Source records Block Start
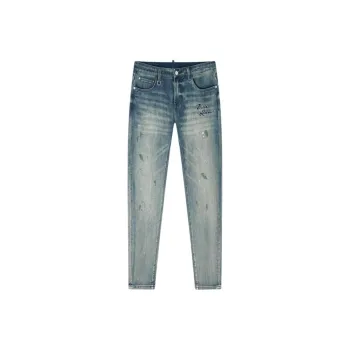DILLO Jeans Men Light Denim Blue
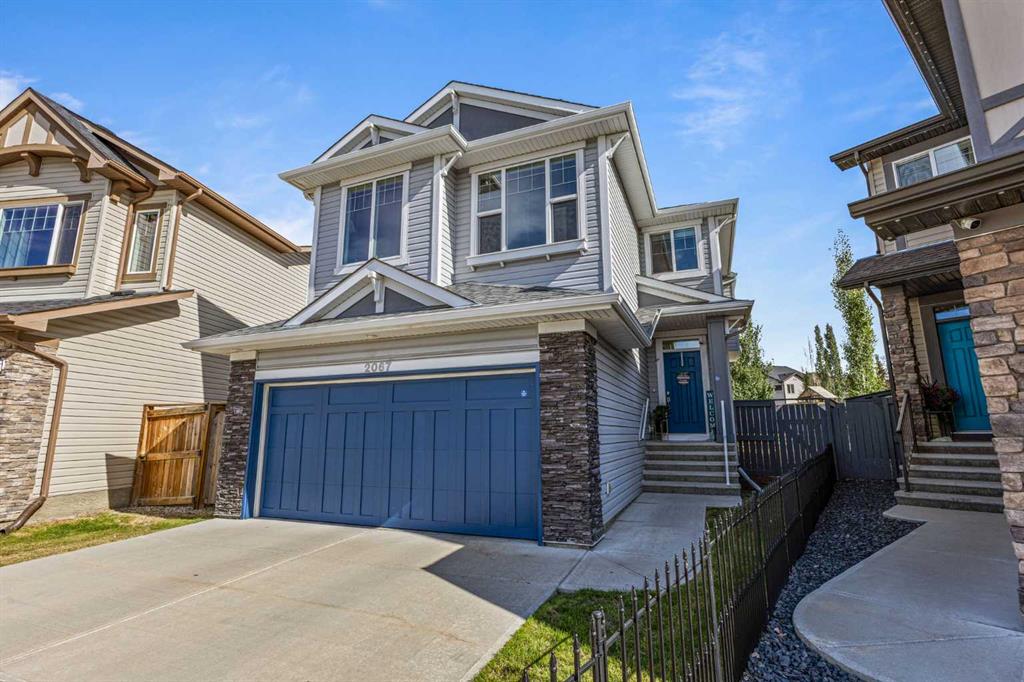 Picture of 2067 Brightoncrest Common SE, Calgary Real Estate Listing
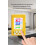 Nuclear Radiation Electromagnetic Radiation Tester Magnetic Field Test 6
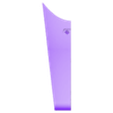 Leg_2_Parabol Focus Table_kaeveedesign.STL Free STL file Parabol Focus Table・3D printing idea to download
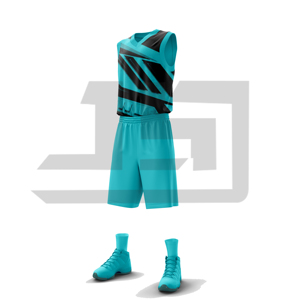 Uniforme de Baloncesto Profesional, Diseño Personalizado, Jersey y Pantalones Cortos Transpirables para Entrenamiento, Juegos y Torneos - Product Image 4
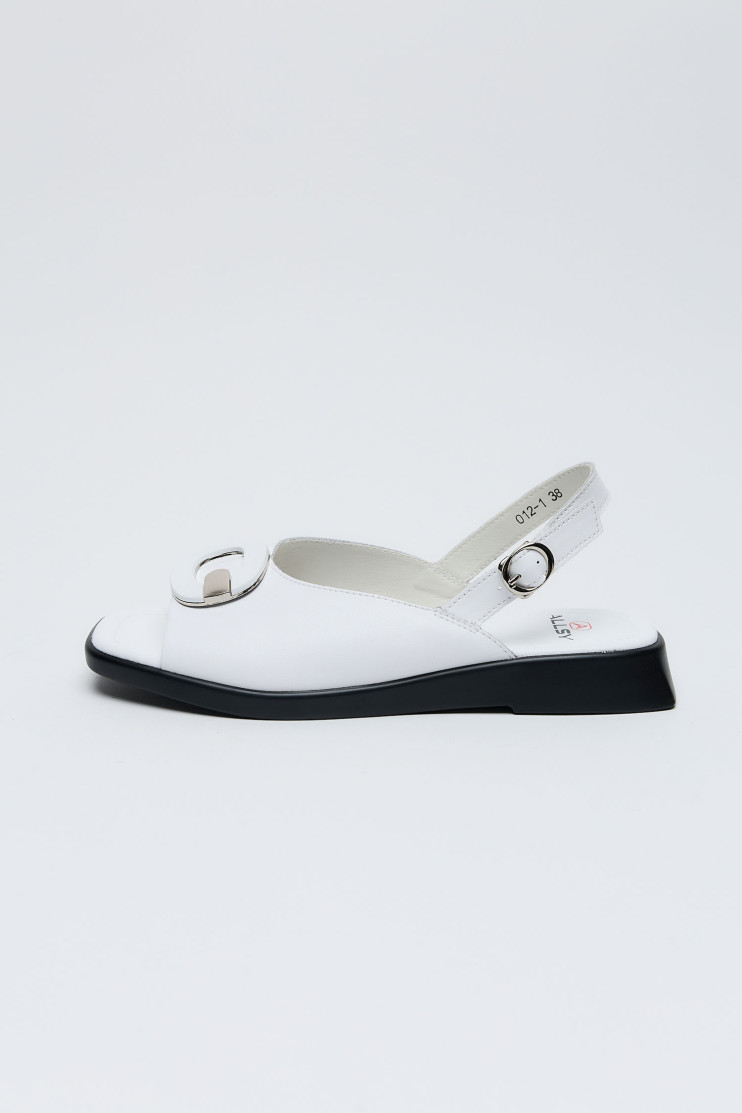 Босоніжки ALLSY 207187 - Вид 6 - інтернет магазин sandalini.ua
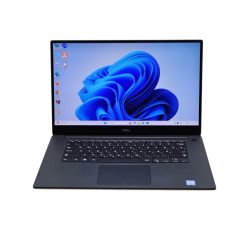 Dell XPS 15 9570 4K + Nvidia, i7-8750H, 32GB RAM, 512GB SSD, Érintőképernyős Laptop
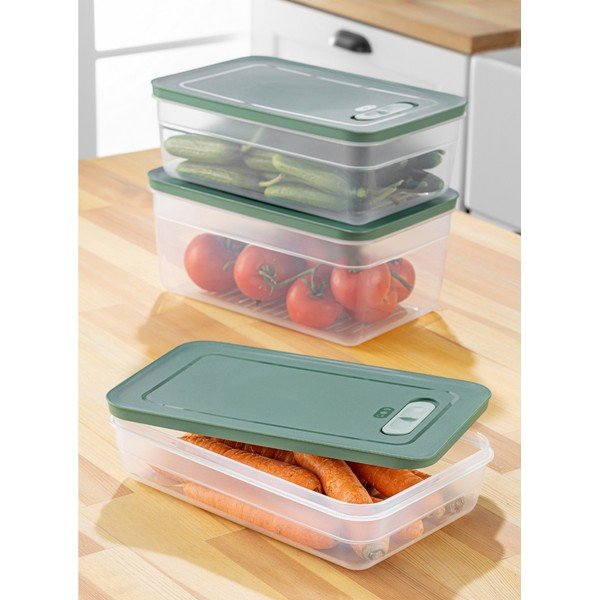 Set di contenitori alimentari 3 pz - Hermia-image-1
Source records Block End
__Description of the task__. Reproduce precisely the lines of the listing above, from the line containing "Dell XPS 15" to the last line, both ends included. Pictures are to be omitted.

__Response to the task__.
 Dell XPS 15 9570 4K + Nvidia, i7-8750H, 32GB RAM, 512GB SSD, Érintőképernyős Laptop
 Set di contenitori alimentari 3 pz - Hermia-image-1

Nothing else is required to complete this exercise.